Intel’s Core M chip will be used in thin computers -- as slim as 9 millimeters (0.35 inches) -- that don’t need fans to cool them, Rani Borkar, Intel’s vice president and general manager of product development, said at a briefing today at the company’s headquarters in Santa Clara, California.
The company is relying on its manufacturing, which it says is the most advanced in the industry, to produce processors that will outperform the chips that now dominate in phones and tablets, provided by companies such as Qualcomm Inc. using technology from ARM Holdings Plc. The Broadwell design has new features aimed at getting computer-grade chips into tablet-like devices, Borkar said.
Using 14 nanometer processing techniques, Intel is creating chips that use half the power of previous designs and take up less space inside devices.
Last year, Intel disclosed that Broadwell was suffering from manufacturing challenges that delayed the chip being offered to device makers.
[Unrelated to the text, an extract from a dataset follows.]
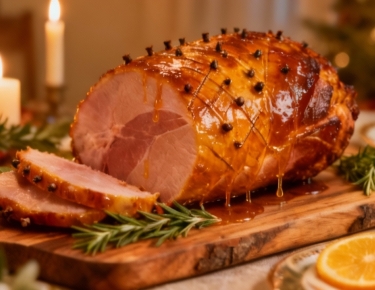 Ветчина в медовой глазури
On a recent conference call, Chief Executive Officer Brian Krzanich said that delay was about six months.
In the mobile market, many processors are now built in as part of technology known as system-on-a-chip. By combining multiple chips into one piece of silicon, the products take up less space, use less power and often perform multiple functions -- such as pulling down data over wireless networks and playing back video -- more efficiently.
While Intel says its production technology is ahead, it has lagged behind Qualcomm and other companies in the introduction of chips that have multiple functions.
Intel shares rose 1.3 percent to $33.02 at the close in New York. The stock has gained more than 27 percent this year.